LÉTOURNEAU, Lorenzo, 2006, 644 p.
En coédition avec Qualigram.
Édité par François Gauthier, trad. a.
Préface de Robert Dubuc.
Broché, 15 x 23 cm,
ISBN 978-2-920342-50-7, 35,95 $
François Gauthier a lu les aventures de son grand-oncle pour la première fois en 1958, à l’époque où sa mère les retapait, à partir d’une copie de 1933, sur sa Underwood portative posée sur la table de cuisine. Bien des années plus tard, il retrouve l’original de ce document fascinant et le retranscrit dans son intégralité afin qu’il soit enfin porté à la connaissance du public, après avoir été caché, mais aussi protégé, pendant plus d’un siècle.
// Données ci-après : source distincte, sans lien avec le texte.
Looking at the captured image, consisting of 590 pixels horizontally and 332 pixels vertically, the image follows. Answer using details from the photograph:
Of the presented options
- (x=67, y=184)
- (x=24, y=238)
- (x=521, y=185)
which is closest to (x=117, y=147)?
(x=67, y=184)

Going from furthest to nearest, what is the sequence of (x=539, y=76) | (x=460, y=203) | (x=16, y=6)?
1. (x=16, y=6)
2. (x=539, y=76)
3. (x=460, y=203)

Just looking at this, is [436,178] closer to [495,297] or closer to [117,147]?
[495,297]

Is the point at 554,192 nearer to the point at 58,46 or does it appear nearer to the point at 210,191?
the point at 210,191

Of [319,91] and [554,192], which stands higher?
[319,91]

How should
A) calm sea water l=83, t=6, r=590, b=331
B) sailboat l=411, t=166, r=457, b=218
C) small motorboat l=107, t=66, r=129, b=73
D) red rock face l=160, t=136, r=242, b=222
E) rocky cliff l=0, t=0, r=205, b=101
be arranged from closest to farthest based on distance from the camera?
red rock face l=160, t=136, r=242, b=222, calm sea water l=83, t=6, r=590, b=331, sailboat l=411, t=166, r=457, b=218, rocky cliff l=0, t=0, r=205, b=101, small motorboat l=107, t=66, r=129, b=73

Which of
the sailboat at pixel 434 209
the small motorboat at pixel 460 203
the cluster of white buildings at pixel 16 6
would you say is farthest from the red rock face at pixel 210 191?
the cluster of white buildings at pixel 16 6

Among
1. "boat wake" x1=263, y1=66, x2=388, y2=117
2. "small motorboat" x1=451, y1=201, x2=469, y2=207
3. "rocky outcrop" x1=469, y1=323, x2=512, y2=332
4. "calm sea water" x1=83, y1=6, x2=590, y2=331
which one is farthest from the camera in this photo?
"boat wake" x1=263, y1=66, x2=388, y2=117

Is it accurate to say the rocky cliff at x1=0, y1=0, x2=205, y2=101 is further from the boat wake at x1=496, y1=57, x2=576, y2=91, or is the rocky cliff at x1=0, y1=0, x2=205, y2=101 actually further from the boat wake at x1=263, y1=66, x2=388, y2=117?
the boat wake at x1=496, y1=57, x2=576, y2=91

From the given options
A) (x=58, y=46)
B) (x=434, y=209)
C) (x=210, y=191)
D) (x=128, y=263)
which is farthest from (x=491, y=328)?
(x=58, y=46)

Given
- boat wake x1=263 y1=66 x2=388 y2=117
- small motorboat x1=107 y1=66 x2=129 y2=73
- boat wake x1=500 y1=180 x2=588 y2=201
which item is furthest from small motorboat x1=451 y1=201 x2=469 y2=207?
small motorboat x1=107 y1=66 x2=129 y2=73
Le journal de Lorenzo Létourneau, chercheur d’or au Yukon de 1898 à 1902 est unique. Il est le seul à avoir été écrit entièrement en français sur cette épopée. Et il se lit comme un roman. Cet agriculteur québécois de la fin du XIXe siècle nous entraîne dans une aventure inimaginable et nous fait rencontrer de nombreux compatriotes qui, comme lui, triment dur par des froids polaires dans l’espoir de s’enrichir et de revenir chez eux « cousus d’or ». Il parcourt à pied des centaines de kilomètres, parfois par – 50 oF, affronte le scorbut et la famine, mais il voit aussi beaucoup d’or, beaucoup plus sans doute que nous n’en verrons jamais.
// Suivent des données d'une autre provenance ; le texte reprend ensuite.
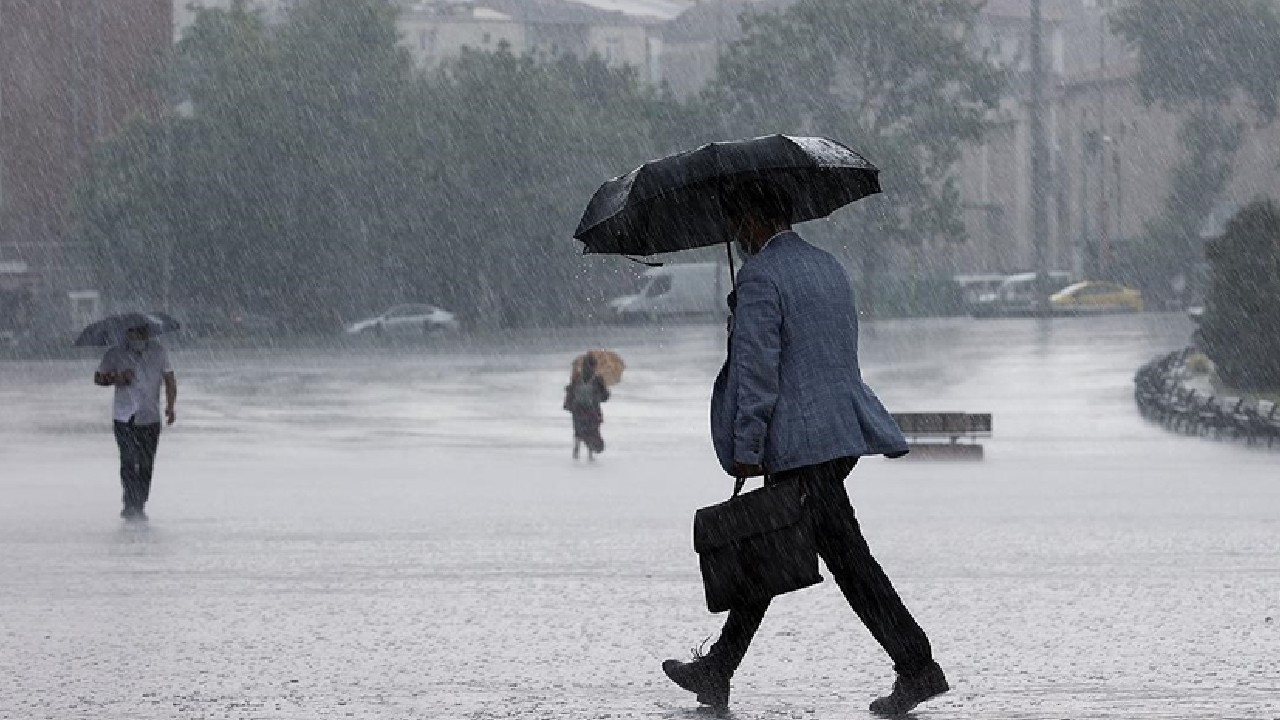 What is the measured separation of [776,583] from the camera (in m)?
7.38

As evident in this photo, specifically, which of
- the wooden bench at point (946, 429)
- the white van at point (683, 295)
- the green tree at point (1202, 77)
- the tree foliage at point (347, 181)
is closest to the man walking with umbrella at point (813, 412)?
the wooden bench at point (946, 429)

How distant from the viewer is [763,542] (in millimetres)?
7363

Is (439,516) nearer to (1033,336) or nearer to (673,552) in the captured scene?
(673,552)

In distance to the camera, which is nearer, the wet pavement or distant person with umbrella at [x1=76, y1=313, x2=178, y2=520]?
the wet pavement

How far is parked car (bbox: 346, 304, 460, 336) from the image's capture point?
68.6 meters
Vous découvrirez avec plaisir tous ces héros francophones méconnus de la dernière odyssée du Far West qui, pendant la moitié d’une décennie, a mobilisé des dizaines de milliers de gens, dont plusieurs centaines de Québécois, que Lorenzo Létourneau a presque tous rencontrés et nommés dans son journal.
Outre la version intégrale du journal, cet ouvrage renferme 53 photos, dont plusieurs inédites, un glossaire de 481 termes et un index de 1211 entrées, où vous trouverez peut-être le nom d’un de vos ancêtres.
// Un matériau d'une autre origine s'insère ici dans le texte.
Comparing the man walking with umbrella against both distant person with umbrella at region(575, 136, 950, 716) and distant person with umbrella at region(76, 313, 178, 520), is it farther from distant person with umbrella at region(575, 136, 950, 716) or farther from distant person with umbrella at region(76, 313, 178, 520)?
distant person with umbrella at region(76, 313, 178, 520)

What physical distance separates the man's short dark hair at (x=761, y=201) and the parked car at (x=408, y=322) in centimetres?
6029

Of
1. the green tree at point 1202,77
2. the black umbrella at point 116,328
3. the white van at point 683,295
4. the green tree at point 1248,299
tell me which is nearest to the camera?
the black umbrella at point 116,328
Lorenzo Létourneau ne s’étend pas sur ses états d’âme; son journal est concis et factuel, et en le lisant, on le suit au jour le jour en communiant au cœur simple d’un cultivateur qui nous raconte ses histoires dans des mots de tous les jours et avec un humour constant. La scène où un de ses compagnons se fait arracher une dent – la mauvaise! – par un dentiste amateur au fond d’une cabane en bois rond est proprement hilarante.
Ce récit [...] nous montre aussi un côté des Canadiens français qu’on a trop tendance à oublier : le côté aventurier et courageux, qui n’a pas froid aux yeux tout en gardant toute son humilité et sa simplicité, descendant direct des coureurs des bois du XVIIIe siècle et contemporain des défricheurs des XIXe et XXe siècles.